INFORMATION:
_ _ _ _ _

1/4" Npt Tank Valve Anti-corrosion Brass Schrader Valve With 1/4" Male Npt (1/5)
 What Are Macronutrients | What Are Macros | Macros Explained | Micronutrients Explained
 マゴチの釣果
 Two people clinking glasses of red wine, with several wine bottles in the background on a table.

_ _ _ _ _

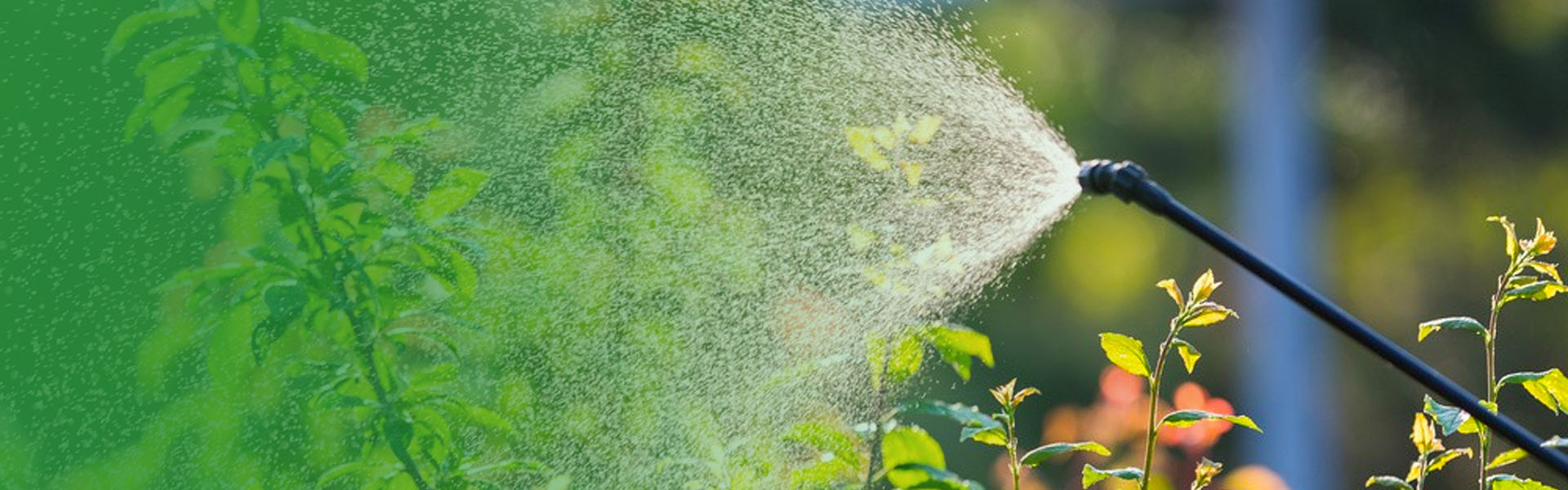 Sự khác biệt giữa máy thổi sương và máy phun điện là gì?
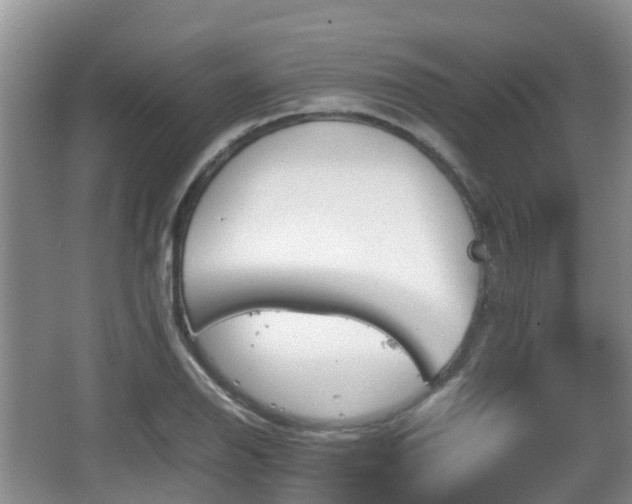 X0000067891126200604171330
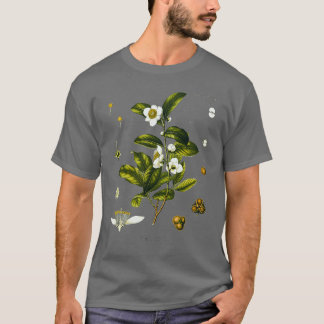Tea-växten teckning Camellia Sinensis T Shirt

_ _ _ _ _

DIRECTIONS FOR THIS TASK: As listed above, the lines from the line with "What Are Macronutrients" to the line with "Two people clinking" are to be echoed exactly, with both ends included and nothing added.

RESULT:
 What Are Macronutrients | What Are Macros | Macros Explained | Micronutrients Explained
 マゴチの釣果
 Two people clinking glasses of red wine, with several wine bottles in the background on a table.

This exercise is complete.